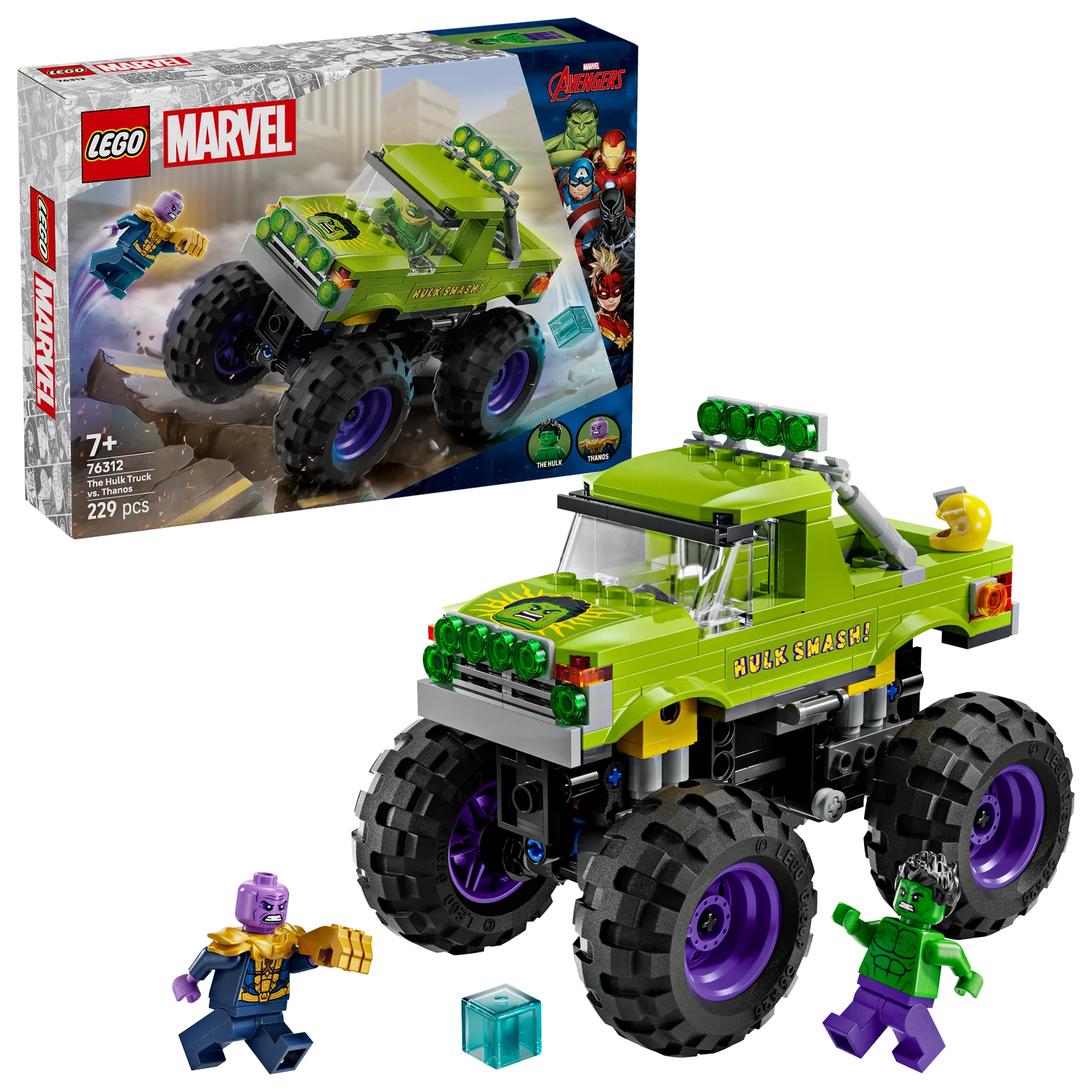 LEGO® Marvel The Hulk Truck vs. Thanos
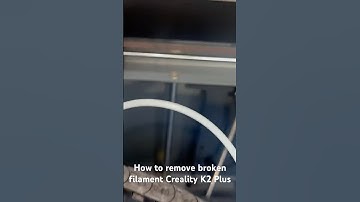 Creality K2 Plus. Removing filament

...

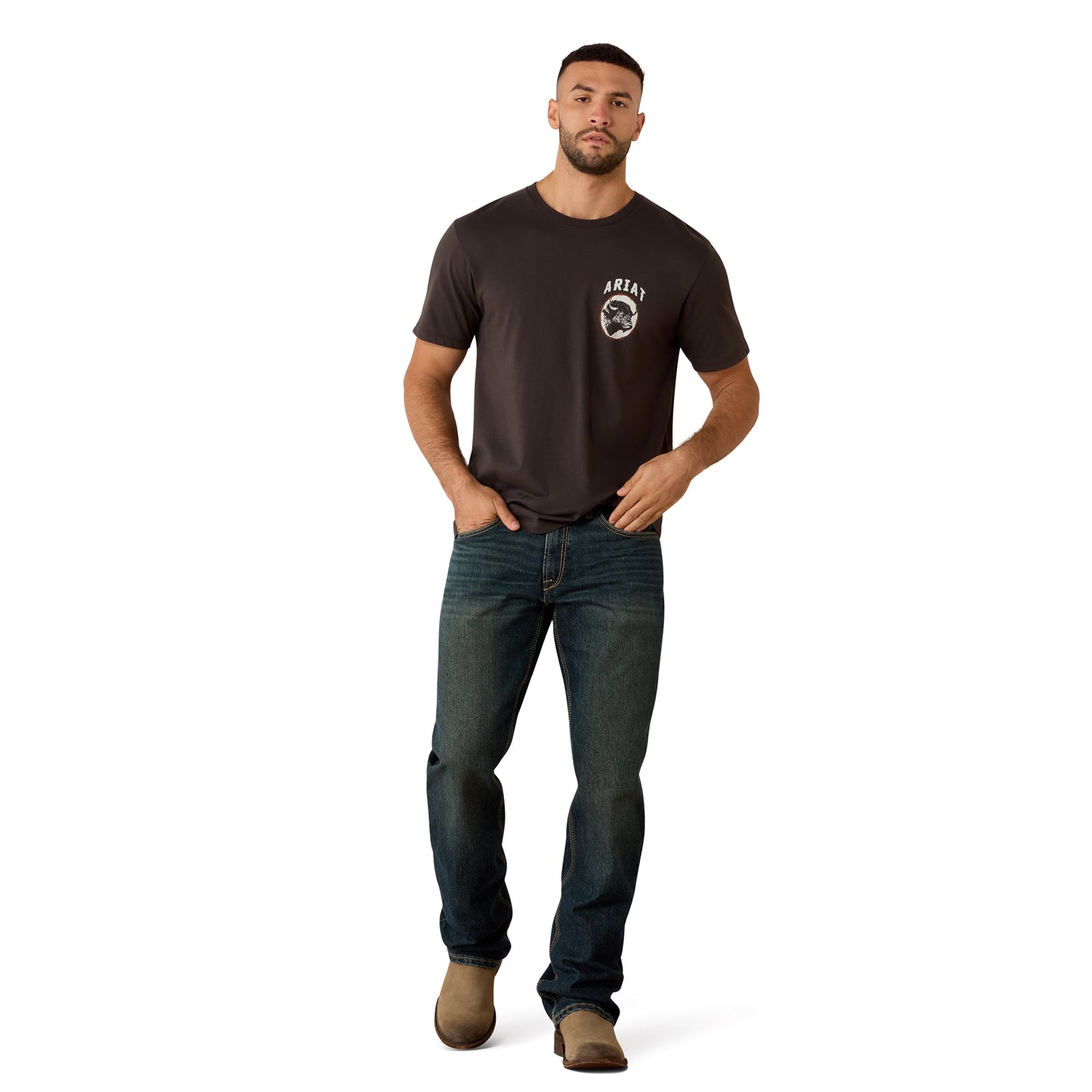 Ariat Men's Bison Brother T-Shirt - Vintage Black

Your assignment: For the material above, give again only the lines starting at the line that contains "LEGO® Marvel The Hulk Truck vs. Thanos" and ending at the line that contains "Creality K2 Plus. Removing filament". Pictures do not belong in the copy.

Your response:
 LEGO® Marvel The Hulk Truck vs. Thanos
 Creality K2 Plus. Removing filament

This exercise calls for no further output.